At 2:15 p.m., Admiral Leahy, accompanied by Justice Byrnes, came in with two messages from Churchill. Our armies and the Russian armies were rapidly approaching each other from the east and west, and it now seemed only a matter of days before forward units would meet in Eastern Germany or Czechoslovakia. With this in mind, Churchill’s first cable suggested that we anticipate this historic event by an announcement by the heads of the Big Three powers.
“A link up of Soviet and Anglo-American forces in Germany is rapidly approaching,” his message read. He thought it would be heartening for all our peoples if the occasion could be marked by short messages broadcast by me, Marshal Stalin, and himself. He asked me to let him know if I agreed to his proposal, saying he was sending a similar message to Marshal Stalin.
“I thoroughly approve of the suggestion made in your cable,” I replied. “If Stalin agrees, I would be pleased to receive from you for consideration your draft of the message.”
The Prime Minister’s second cable dealt with the question of a final all-out air attack against Germany. The blow he had in mind would have for its objective the smashing of the German war industries that had so far managed to survive all our bombing efforts.
There was good reason for this, for the Germans were reported to be ready for a suicidal last-ditch stand, and our Chiefs of Staff were of the opinion that such an effort might prolong the fighting for another six months.
On March 29, Roosevelt had sent Churchill the details of a project prepared by the Chiefs of Staff for launching pilotless old bombers against large industrial targets in Germany. These bombers, carrying huge loads of explosives, were to be guided by remote control and set off by timing devices. Churchill had been disturbed by this proposal and probably partly on that account had delayed his answer for two weeks. What naturally troubled him was that the Germans might retaliate on London.
In his cable to me, which actually was a reply to Roosevelt’s message, Churchill understandably stressed the point that the British people had suffered greatly from German bombings and might have to suffer more if this project was put into practice. Nevertheless, he left the decision to us and ended his message in characteristic terms.
The Prime Minister’s message said that he had received a telegram from President Roosevelt on March 29. He regretted that there had been a delay in replying to this communication, but he felt it was his duty to refer it to the British Chiefs of Staff. Churchill said that if the United States military authorities really considered this practice necessary to bring about the end of the German war, the British would not dissent.

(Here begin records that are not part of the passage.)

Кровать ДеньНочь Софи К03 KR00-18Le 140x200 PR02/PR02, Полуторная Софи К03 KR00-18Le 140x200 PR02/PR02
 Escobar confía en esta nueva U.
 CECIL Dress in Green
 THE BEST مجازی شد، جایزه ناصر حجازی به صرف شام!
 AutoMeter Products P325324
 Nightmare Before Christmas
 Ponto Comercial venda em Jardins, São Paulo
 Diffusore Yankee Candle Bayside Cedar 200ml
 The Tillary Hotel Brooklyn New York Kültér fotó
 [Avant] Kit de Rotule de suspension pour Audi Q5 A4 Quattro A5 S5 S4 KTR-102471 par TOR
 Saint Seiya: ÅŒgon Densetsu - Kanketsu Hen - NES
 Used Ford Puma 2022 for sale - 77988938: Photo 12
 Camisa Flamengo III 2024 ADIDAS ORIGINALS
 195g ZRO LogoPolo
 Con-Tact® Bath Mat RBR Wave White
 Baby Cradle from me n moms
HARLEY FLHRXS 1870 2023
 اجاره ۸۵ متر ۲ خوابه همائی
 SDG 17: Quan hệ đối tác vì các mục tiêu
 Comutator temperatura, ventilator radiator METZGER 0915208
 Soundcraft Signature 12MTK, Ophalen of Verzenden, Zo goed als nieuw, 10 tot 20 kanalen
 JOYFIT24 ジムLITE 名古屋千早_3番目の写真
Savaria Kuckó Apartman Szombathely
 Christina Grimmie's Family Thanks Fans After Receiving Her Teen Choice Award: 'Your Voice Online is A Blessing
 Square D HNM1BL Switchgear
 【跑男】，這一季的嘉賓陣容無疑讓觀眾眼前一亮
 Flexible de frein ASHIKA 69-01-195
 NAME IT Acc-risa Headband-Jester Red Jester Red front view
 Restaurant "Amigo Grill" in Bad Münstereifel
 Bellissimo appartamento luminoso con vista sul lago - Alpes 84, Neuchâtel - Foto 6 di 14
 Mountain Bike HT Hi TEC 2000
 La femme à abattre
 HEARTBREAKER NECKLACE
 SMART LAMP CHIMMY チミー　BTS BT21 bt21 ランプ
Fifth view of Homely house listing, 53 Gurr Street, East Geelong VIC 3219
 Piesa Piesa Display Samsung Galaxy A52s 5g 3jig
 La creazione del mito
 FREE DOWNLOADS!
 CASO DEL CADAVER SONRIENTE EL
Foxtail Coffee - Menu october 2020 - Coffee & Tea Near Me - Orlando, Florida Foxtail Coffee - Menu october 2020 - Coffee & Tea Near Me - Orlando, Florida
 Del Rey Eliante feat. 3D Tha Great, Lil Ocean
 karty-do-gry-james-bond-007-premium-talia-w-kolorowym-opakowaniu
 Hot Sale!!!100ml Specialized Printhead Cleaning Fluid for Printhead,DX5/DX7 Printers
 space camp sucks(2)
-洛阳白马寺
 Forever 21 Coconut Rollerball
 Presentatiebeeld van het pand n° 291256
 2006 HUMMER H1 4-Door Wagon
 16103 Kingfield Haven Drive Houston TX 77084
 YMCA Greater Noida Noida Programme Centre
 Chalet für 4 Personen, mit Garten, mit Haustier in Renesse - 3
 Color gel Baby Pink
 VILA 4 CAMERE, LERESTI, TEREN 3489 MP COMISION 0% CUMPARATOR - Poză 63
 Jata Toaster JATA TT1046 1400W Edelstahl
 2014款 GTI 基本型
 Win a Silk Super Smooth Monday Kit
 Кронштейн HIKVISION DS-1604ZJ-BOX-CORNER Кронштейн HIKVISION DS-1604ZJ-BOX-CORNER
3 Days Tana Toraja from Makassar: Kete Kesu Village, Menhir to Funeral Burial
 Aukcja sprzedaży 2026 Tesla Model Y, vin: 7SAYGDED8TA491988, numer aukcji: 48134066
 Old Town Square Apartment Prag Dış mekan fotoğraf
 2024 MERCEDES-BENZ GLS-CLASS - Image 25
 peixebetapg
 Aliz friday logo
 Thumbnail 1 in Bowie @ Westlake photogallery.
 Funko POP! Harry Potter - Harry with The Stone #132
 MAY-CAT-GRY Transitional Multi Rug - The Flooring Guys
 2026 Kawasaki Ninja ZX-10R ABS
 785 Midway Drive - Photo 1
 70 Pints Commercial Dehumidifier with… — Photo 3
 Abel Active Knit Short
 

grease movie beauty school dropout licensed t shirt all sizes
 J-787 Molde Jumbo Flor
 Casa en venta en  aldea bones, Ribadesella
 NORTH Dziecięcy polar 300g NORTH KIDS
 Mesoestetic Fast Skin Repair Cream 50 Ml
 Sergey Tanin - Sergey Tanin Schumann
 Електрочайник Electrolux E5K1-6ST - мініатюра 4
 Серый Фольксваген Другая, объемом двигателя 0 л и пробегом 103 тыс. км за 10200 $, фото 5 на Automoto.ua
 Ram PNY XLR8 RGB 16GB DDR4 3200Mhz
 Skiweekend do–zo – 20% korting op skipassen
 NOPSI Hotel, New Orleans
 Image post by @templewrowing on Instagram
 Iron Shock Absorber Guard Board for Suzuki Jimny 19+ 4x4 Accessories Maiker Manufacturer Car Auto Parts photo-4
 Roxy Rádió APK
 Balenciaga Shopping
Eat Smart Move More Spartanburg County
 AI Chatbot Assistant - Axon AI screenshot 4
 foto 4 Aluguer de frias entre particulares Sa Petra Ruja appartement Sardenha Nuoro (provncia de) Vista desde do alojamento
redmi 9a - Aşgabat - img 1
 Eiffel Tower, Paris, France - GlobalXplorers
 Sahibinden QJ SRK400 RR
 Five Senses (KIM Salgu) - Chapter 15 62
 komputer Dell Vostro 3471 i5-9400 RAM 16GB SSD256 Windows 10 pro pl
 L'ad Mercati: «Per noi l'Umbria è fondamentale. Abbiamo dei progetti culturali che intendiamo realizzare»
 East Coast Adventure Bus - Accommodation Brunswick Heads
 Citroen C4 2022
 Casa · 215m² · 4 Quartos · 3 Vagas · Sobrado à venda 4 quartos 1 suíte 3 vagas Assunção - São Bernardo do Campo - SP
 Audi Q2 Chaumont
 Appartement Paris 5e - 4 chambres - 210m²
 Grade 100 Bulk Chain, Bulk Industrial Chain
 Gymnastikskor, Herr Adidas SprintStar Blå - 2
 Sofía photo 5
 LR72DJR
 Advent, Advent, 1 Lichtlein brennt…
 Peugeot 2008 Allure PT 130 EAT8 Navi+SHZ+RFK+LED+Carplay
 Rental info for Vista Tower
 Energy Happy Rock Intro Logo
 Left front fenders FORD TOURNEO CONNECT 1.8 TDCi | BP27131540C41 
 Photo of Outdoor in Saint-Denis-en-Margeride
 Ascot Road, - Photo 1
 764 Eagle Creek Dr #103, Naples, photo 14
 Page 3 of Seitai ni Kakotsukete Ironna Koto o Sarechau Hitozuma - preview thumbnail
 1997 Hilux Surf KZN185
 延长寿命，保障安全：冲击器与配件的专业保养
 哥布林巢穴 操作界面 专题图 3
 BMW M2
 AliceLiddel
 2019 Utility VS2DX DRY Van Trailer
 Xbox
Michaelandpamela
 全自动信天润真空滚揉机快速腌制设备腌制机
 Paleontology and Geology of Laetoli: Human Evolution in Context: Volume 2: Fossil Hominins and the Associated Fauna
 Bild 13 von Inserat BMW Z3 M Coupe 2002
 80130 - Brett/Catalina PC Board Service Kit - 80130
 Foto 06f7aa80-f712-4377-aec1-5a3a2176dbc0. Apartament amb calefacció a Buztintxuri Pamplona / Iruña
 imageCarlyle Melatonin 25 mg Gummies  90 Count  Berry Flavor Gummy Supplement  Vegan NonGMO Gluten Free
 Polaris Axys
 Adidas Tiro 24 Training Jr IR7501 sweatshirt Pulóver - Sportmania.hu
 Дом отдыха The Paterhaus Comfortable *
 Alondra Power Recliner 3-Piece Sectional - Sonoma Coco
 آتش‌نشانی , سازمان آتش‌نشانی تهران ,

However, he said first that the war situation had turned so much in our favor that large-scale bombing of German cities was no longer of its former importance. He added that if the Germans had a number of war-weary bombers that could make the distance, London was the obvious and, indeed, the only target, and even a few very big explosions in London would be demoralizing to the people at a time when they had hoped that their prolonged ordeal was over.
Churchill added in this connection that a calculation had been made showing that in the greater London area one person in 131 had been killed by enemy action, including London citizens in the armed forces and 30,000 civilians killed by the air onslaught. This figure of one in 131, Churchill said, represented far the highest losses sustained by any similar locality on the Allied side in the second great war.
He concluded: “Having put the facts before you I leave the decisions entirely in the hands of your military advisers, and we shall make no complaint if misfortune comes to us in consequence.”
I reviewed with the Chiefs of Staff the project to which Churchill had referred, and having done so, I cabled a reply.
“Taking into account all the considerations involved,” my message said, “it seems to me this project concerning war-weary, explosive-laden aircraft should not be pressed further in Europe at this time. I am instructing my Chiefs of Staff accordingly.”
A little later, when Byrnes had returned to my office in order to go over with me my notes for the speech to Congress on Monday, another message from Churchill arrived. Anthony Eden, the British Foreign Minister, was on his way from London to San Francisco for the conference, and I had agreed to see him. It was with that in mind that I now read this latest Churchill message, which bore upon the Polish issue.
Churchill cabled that he had just read the draft of the joint message which I proposed we should send to Stalin. In principle Churchill said he was in complete agreement with its terms, “but there is one important point which Eden will put before you, and as you and he will be able to discuss the text together, any points of detail can I am sure be adjusted.” He said he would consult the Cabinet on Monday if the final draft had reached him by then, and he hoped we might dispatch the message with our joint authority on that very day, as he strongly agreed with me that our reply was of high urgency.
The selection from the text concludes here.